↓

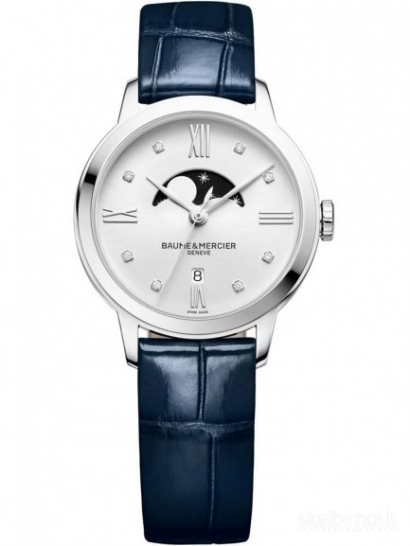 Baume & Mercier Ladies Classima Watch 10329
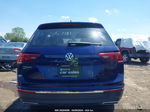 2021 Volkswagen Tiguan 2.0t Se/2.0t Se R-line Black/2.0t Sel Синий vin: 3VV3B7AX5MM057181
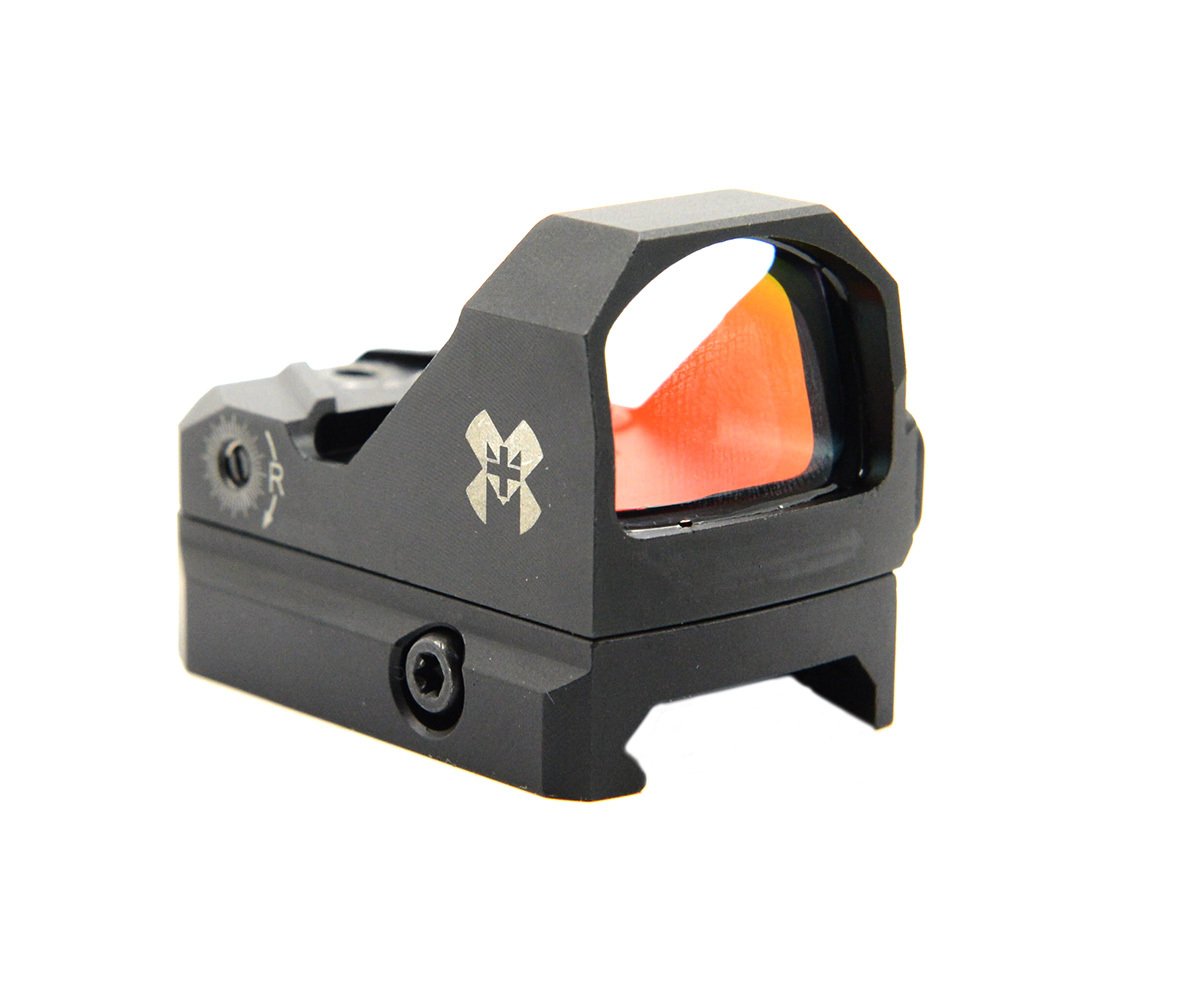 M+M Industries Red Dot 3 MOA for Picatinny Mount - M-RDT-1C - M+M Industries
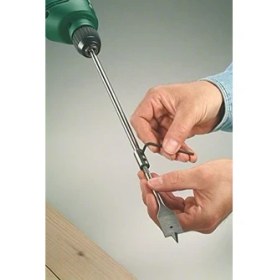 Resim Professional Accessories Değiştirme-Uzatma Ile 1/4 "-Altıgen 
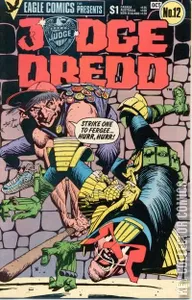 Judge Dredd #12
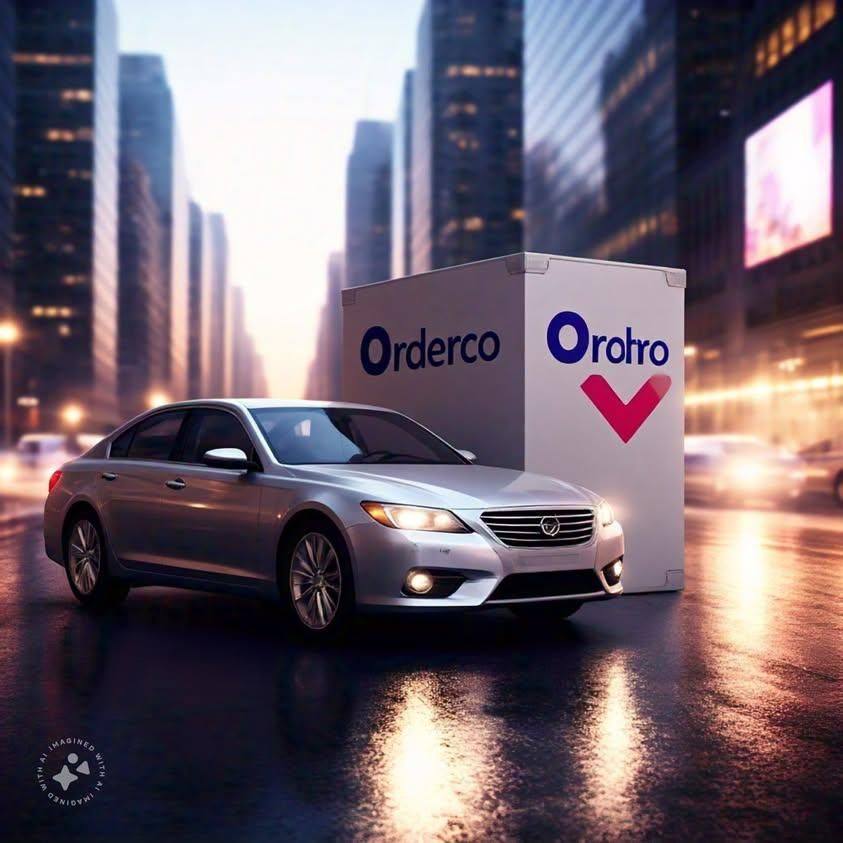 شركة توصيل Orderco | Amman
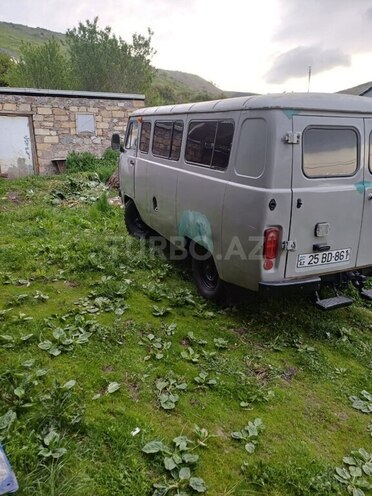 UAZ 2206 1998, 89,204 km - 2.4 l - Gəncə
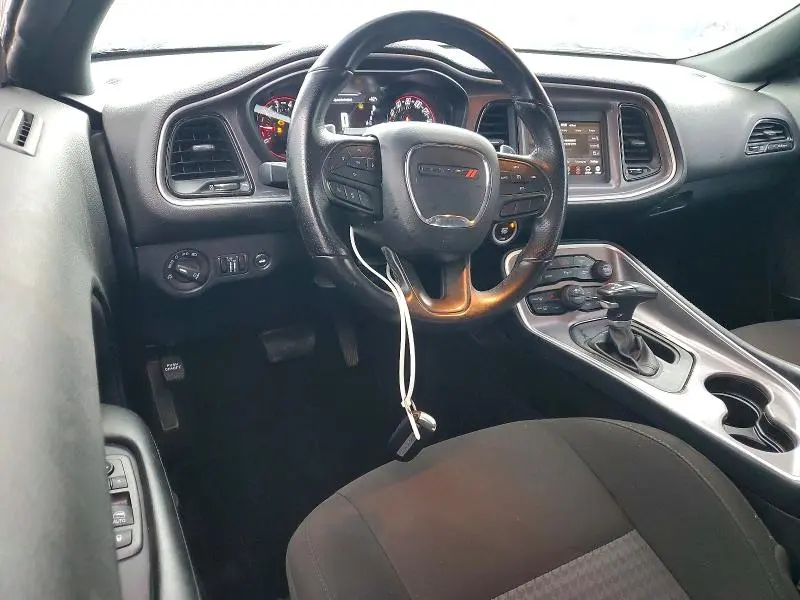 2022 DODGE CHALLENGER GT  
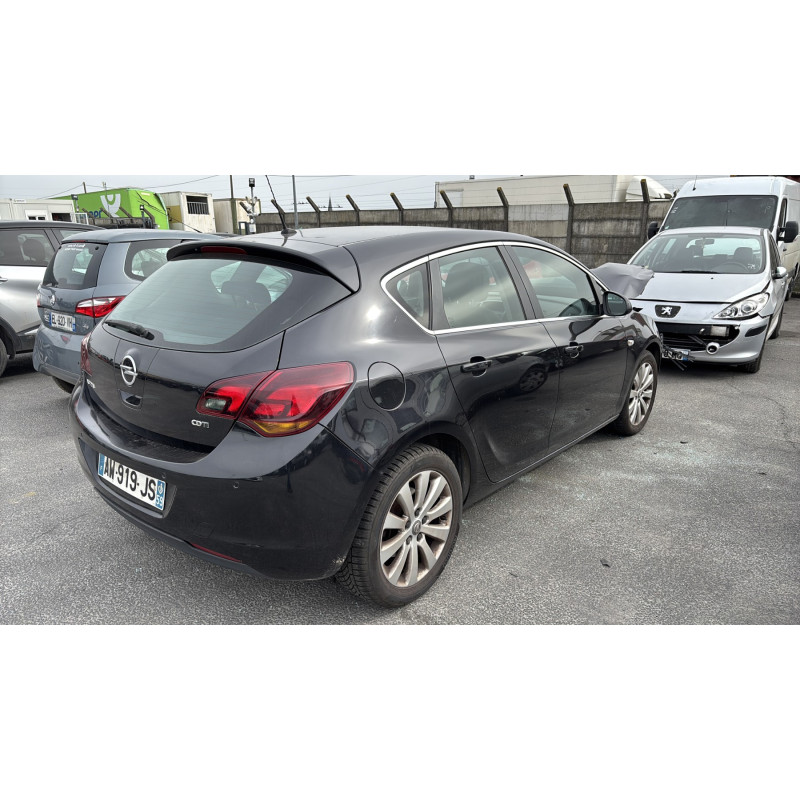 Boite a gants OPEL ASTRA J Photo n°7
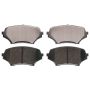 ADVICS AD1179 ADVICS Ultra-Premium Ceramic Brake Pads
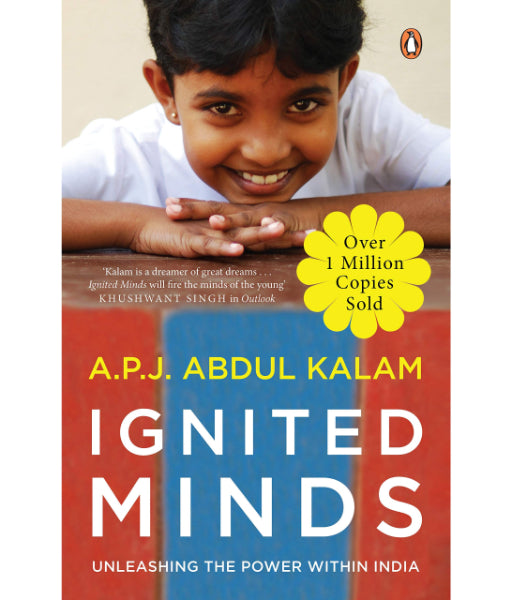 Ignited Minds  by A. P. J. Abdul Kalam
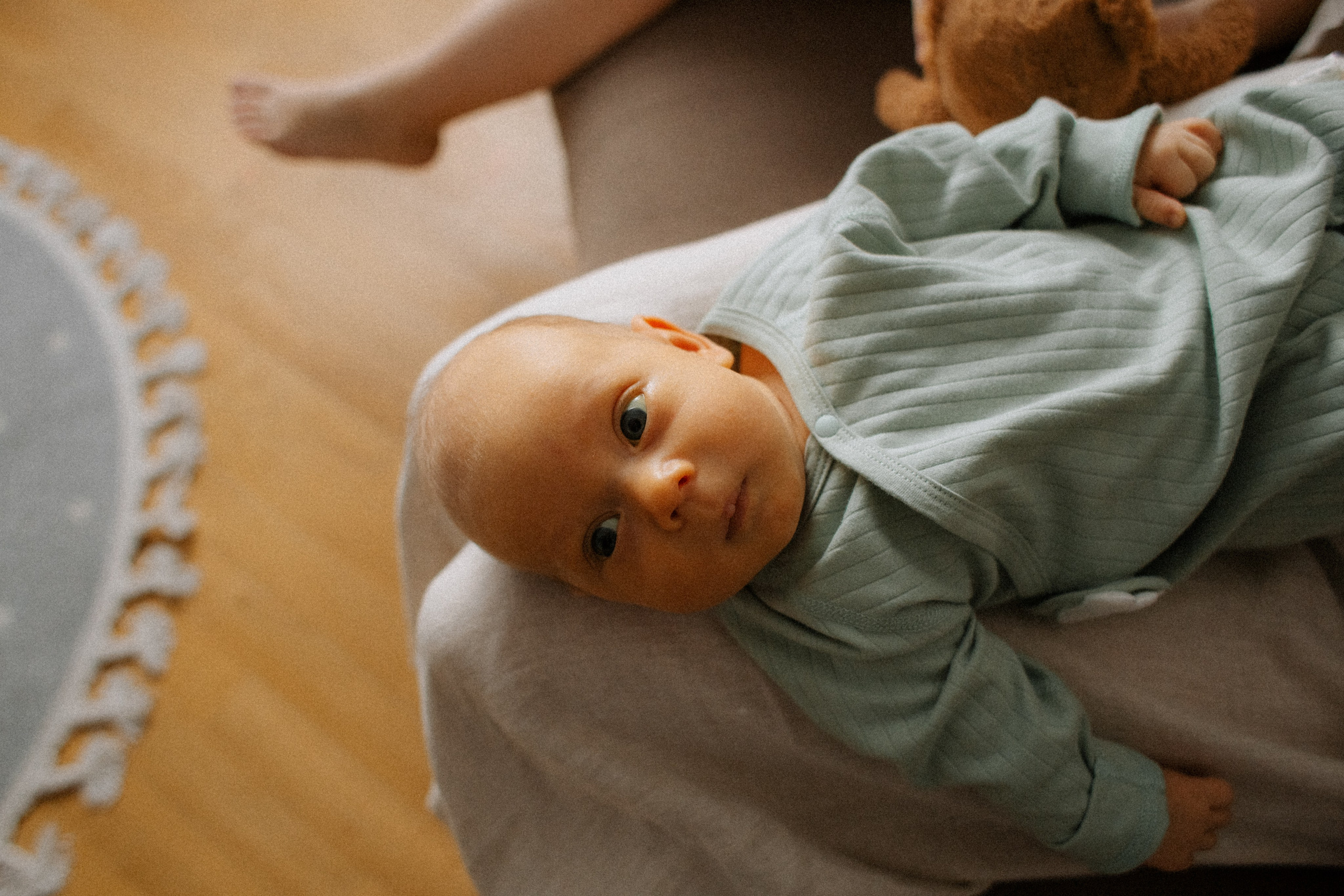 Малыш. Семейный фотограф Виктория Потехина Москва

↑

_Exercise_
A word-for-word copy of the material is required; pictures stay out of it.

_Output of the task_
 Baume & Mercier Ladies Classima Watch 10329
 2021 Volkswagen Tiguan 2.0t Se/2.0t Se R-line Black/2.0t Sel Синий vin: 3VV3B7AX5MM057181
 M+M Industries Red Dot 3 MOA for Picatinny Mount - M-RDT-1C - M+M Industries
 Resim Professional Accessories Değiştirme-Uzatma Ile 1/4 "-Altıgen 
 Judge Dredd #12
 شركة توصيل Orderco | Amman
 UAZ 2206 1998, 89,204 km - 2.4 l - Gəncə
 2022 DODGE CHALLENGER GT  
 Boite a gants OPEL ASTRA J Photo n°7
 ADVICS AD1179 ADVICS Ultra-Premium Ceramic Brake Pads
 Ignited Minds  by A. P. J. Abdul Kalam
 Малыш. Семейный фотограф Виктория Потехина Москва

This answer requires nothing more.